> [Assignment]: Your task is to write out exactly the lines from the line containing "JACKALL Cloud Shell Pants PA-A002 [Olive] XL" through the end of the records, inclusive at both ends.

> [The input]:
-------------------------

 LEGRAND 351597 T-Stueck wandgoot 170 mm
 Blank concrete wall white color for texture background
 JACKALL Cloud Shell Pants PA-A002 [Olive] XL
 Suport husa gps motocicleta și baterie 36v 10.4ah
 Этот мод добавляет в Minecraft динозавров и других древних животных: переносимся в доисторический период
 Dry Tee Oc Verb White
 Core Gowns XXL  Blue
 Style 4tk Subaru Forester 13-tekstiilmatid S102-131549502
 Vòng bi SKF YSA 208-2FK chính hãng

-------------------------

> [Problem solution]:
 JACKALL Cloud Shell Pants PA-A002 [Olive] XL
 Suport husa gps motocicleta și baterie 36v 10.4ah
 Этот мод добавляет в Minecraft динозавров и других древних животных: переносимся в доисторический период
 Dry Tee Oc Verb White
 Core Gowns XXL  Blue
 Style 4tk Subaru Forester 13-tekstiilmatid S102-131549502
 Vòng bi SKF YSA 208-2FK chính hãng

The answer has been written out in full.